ETA: Didn't read the whole thing. Had to go outside quickly. haha Sorry.

But even brown grass should be ok. Do you have no grass at all or just dead grass?


----------



## ThreeBoysChicks (Dec 30, 2012)

Mine eat grass and they also eat hay.   As a great they get a little scratch with the ducks and chickens.


----------



## boothcreek (Dec 30, 2012)

Since we got no such thing as grass right now(unless the geese start digging about 3 ft down in the snow) ours get a flake of alfalfa hay between my trio of pilgrims and 15 various ducks daily plus free choice 50/50 with corn and molasses(rolled oats and barley, 10%rolled corn).

In the summer they do great on just grass and maybe a cup of grains or layer feed a day, but right now in the winter we feel the grain consumption of the geese quite a bit.


----------



## Hillsvale (Dec 30, 2012)

ours get a combination of layer pellets and corn in the winter with the turkeys and ducks


----------



## Gagroundhog (Dec 30, 2012)

Thanks eveybody!

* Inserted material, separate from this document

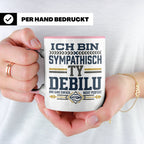Sympathisch Ty Debilu Tasse, Lustiger Spruch Becher, Sarkasm – Rosa [farbe:rosa]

Between the lack of rain until recently and our not so good soil we have no grass. Now its to cold to grow any except indoor wheatgrass. I read that geese would need 2.2 lbs each daily of that. (Does that sound right?) I also read that feeding to much chicken scratch could make them fat so I've been giving some in the morning and evening.  We usually have winter grasses pop up before now but didn't due to lack of rain. It figures, I got geese this year, its come up evey other year  .  I was counting on that winter grass to take over my vegie garden again this year and let the geese have it. I'll try them on some hay I have for my goats. I'm going to try again to prepare some ground with lots of rabbit manure and replant grass in the spring for them. Question- How big an area would my 3 geese need as a permanant pen. Their current pen is ok but I'm sure they'd like more room once I plant some grass.


----------



## Gagroundhog (Dec 30, 2012)

Oh good they love bermuda hay, yay! Thank you.


----------